Miércoles, 12 de noviembre de 2014
 

EDITORIAL

México y el costo de la guerra contra las drogas

México y el costo de la guerra contra las drogas



El precio que México está pagando por insistir en una estrategia bélica contra las drogas es demasiado alto. Los beneficios, en cambio, son nulos

La más reciente masacre de 43 estudiantes de magisterio de Ayotzinapa, en el Estado de Guerrero, ha desencadenado en México una muy vigorosa reacción colectiva que, por fin, después de muchos años de incomprensible pasividad, ha sacudido la consciencia adormecida no sólo de ese país sino del mundo entero.
No es fácil comprender por qué ha tardado tanto la sociedad mexicana en romper su silencio y pasar de la resignación a la acción para enfrentarse con toda energía a las fuerzas que están sumiendo a ese país en una de las mayores atrocidades de la historia contemporánea.
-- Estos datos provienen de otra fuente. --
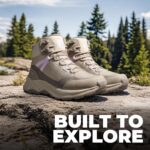 NORTIV 8 Women's Hiking Boots Waterproof Lightweight Outdoor Trekking Comfortable Non-Slip Backpacking Camping Ankle Boot Hollow - Image 9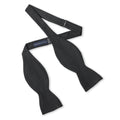 Black Barathea Silk Self-Tie Bow Tie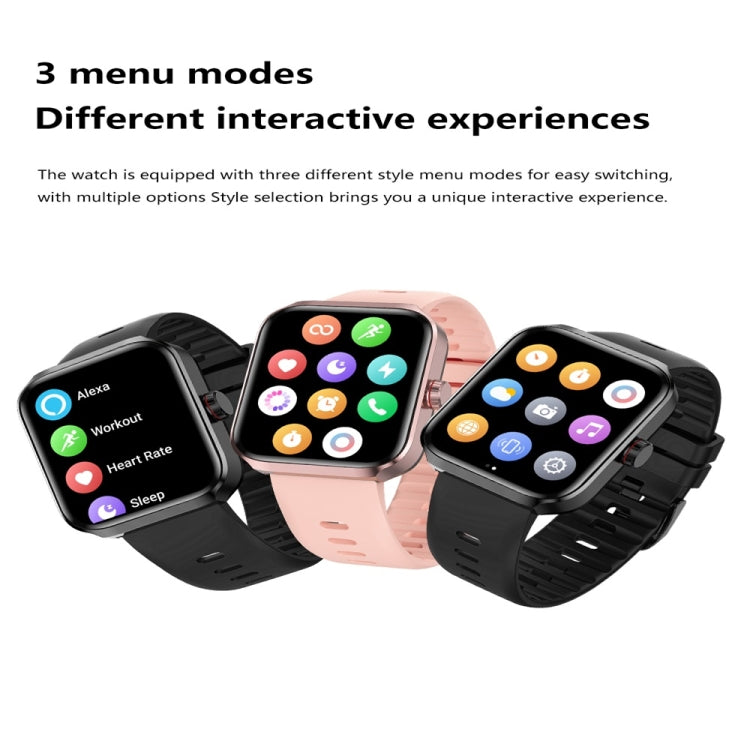 NX22 1.78 inch Color Screen Smart Watch, Support Bluetooth Call / Health Monitoring(Black) - Smart Watches by PMC TechLife | Online Shopping South Africa | PMC TechLife | Buy Now Pay Later Mobicred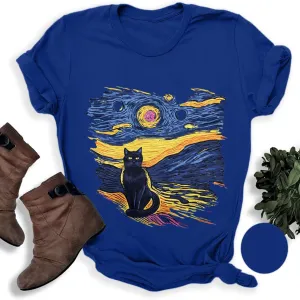 Women's Short Sleeve T Shirts Graphic Tees Crewneck Casual Loose 2025 Summer Boho Tops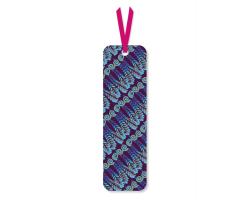 Zandra Rhodes Feather Stripes bookmark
Más difícil aún es entender los extremos de descomposición social a los que ha llegado ese país ante la mirada impasible, cuando no cómplice, de sus gobernantes.
Sin embargo, y aunque no dejen de escandalizar los extremos de violencia, como el caso de los estudiantes masacrados que tanto revuelo mediático y político ha causado durante las últimas semanas, nada de lo que está ocurriendo en México puede ser calificado como sorprendente pues es el único resultado que se podía esperar del proceso de descomposición al que ha sido conducido ese país como consecuencia directa de la fallida “Guerra contra las drogas”.
Era tan previsible una situación como la actual, que hace poco menos de dos años, el 27 de noviembre de 2012, bajo el título “México y la guerra contra las drogas”, afirmábamos en este espacio editorial que al asumir la presidencia de su país Enrique Peña Nieto asumiría también “la enorme responsabilidad de conducir a su país para salir del tenebroso laberinto al que lo ha conducido la fallida estrategia de ‘guerra contra las drogas’”.
“Es tan grande el problema que hereda el próximo mandatario que para tener una cabal idea de su magnitud las cifras no resultan suficientes. Es que al aspecto cuantitativo de la matanza, que según los más recientes datos oficiales ya bordea las 60.000 víctimas, la mayoría como resultado de pugnas entre los cárteles de las drogas, operativos federales y asesinatos de civiles ajenos al crimen, se debe sumar la peculiar crueldad con que muchas de esas muertes se producen”, decíamos.
“El origen del problema se remonta a diciembre de 2006, cuando el por entonces flamante presidente Felipe Calderón decidió, sin consultar a nadie, declarar la guerra ‘a la delincuencia organizada’. Y lo hizo con una facilidad que hoy, (noviembre de 2012) a la luz de los resultados, sólo puede ser calificada como una enorme irresponsabilidad histórica”, decíamos en aquella oportunidad y recordábamos que fue el propio Calderón, quien al clausurar su mandato, se sumó a la prédica de sus antecesores, Vicente Fox y Ernesto Zedillo, quienes durante los últimos años se han dado a la tarea de denunciar dentro y fuera de su país “la locura que se está cometiendo”.
Casi dos años han transcurrido desde que Enrique Peña Nieto asumiera la presidencia de México y, como los hechos lo confirman, nada hizo, o por lo menos no lo suficiente, para revertir la marcha de su país hacia el abismo.
Sin embargo, si alguna esperanza todavía puede caber en un país que está siendo convertido en un inmenso campo de batalla entre organizaciones criminales y políticos corruptos, ésta radica en la reacción de una sociedad cuya paciencia parece por fin haberse agotado. Es de esperar que las élites gobernantes, ahora sí, estén a la altura del desafío.